- [YOUR ASSIGNMENT]: A faithful, word-for-word copy of the data below is required, without pictures.

- [PROVIDED MATERIAL]:
◇ ◇ ◇ ◇ ◇

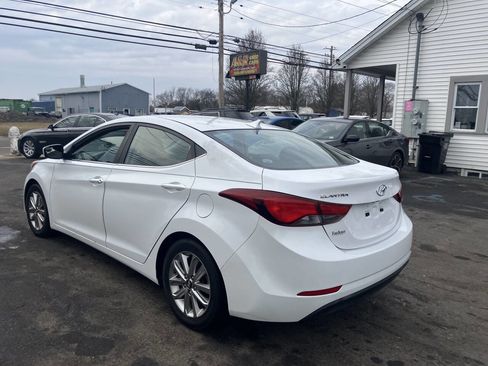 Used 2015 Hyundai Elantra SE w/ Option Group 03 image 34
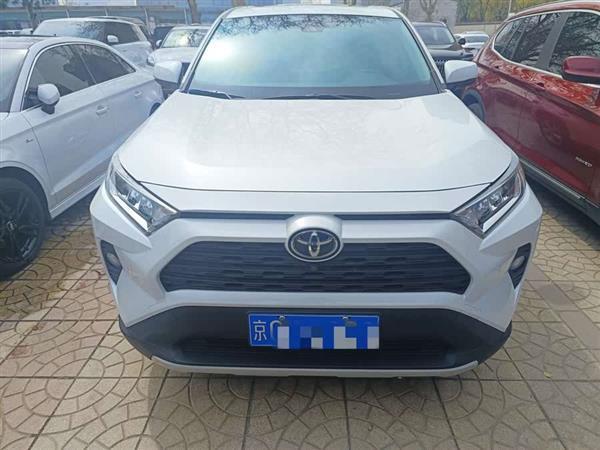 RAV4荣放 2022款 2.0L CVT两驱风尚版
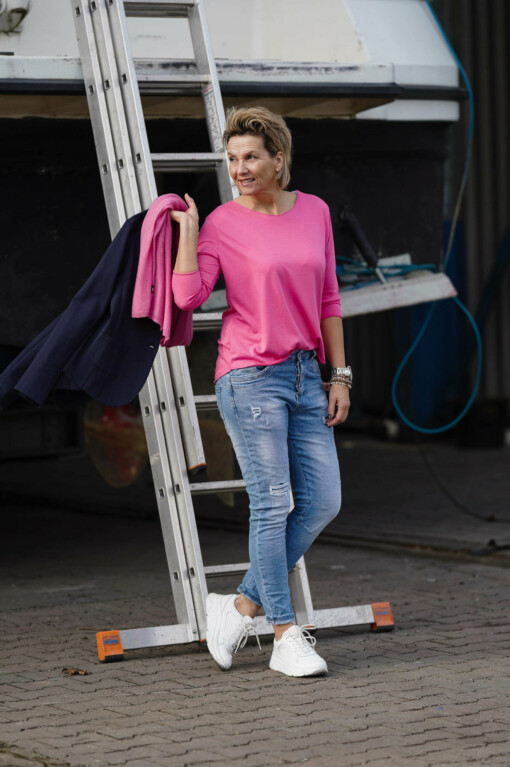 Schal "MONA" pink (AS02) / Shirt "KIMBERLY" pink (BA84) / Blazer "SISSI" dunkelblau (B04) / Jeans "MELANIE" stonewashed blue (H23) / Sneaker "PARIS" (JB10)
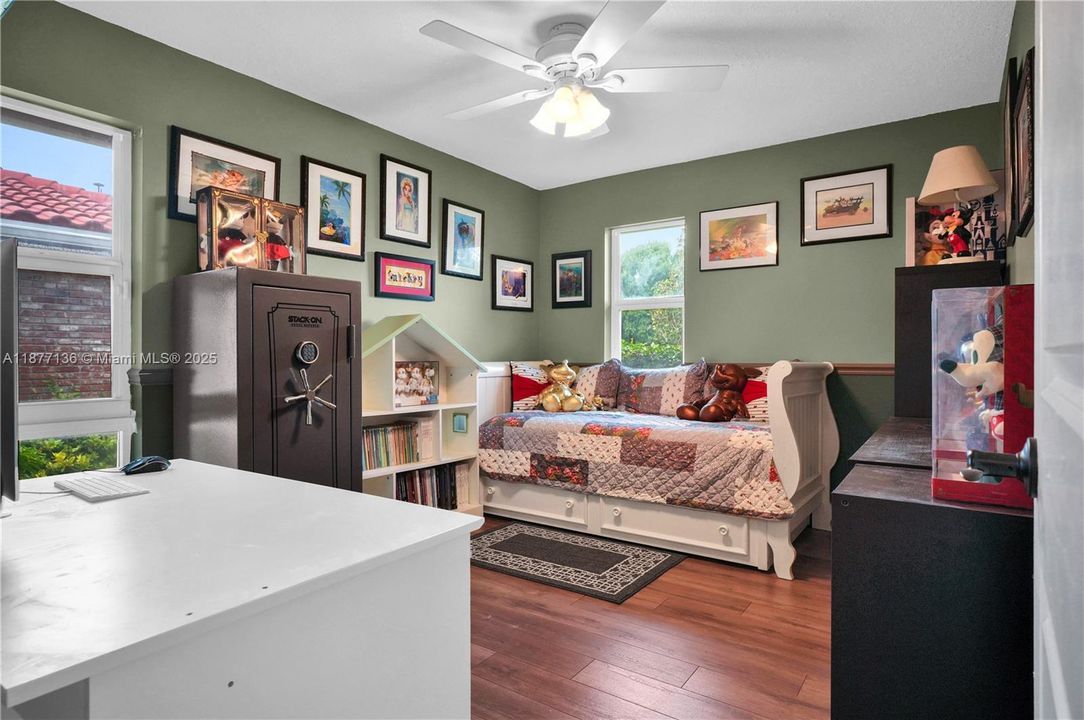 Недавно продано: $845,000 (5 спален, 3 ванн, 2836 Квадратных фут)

◇ ◇ ◇ ◇ ◇

- [COMPLETED TASK]:
 Used 2015 Hyundai Elantra SE w/ Option Group 03 image 34
 RAV4荣放 2022款 2.0L CVT两驱风尚版
 Schal "MONA" pink (AS02) / Shirt "KIMBERLY" pink (BA84) / Blazer "SISSI" dunkelblau (B04) / Jeans "MELANIE" stonewashed blue (H23) / Sneaker "PARIS" (JB10)
 Недавно продано: $845,000 (5 спален, 3 ванн, 2836 Квадратных фут)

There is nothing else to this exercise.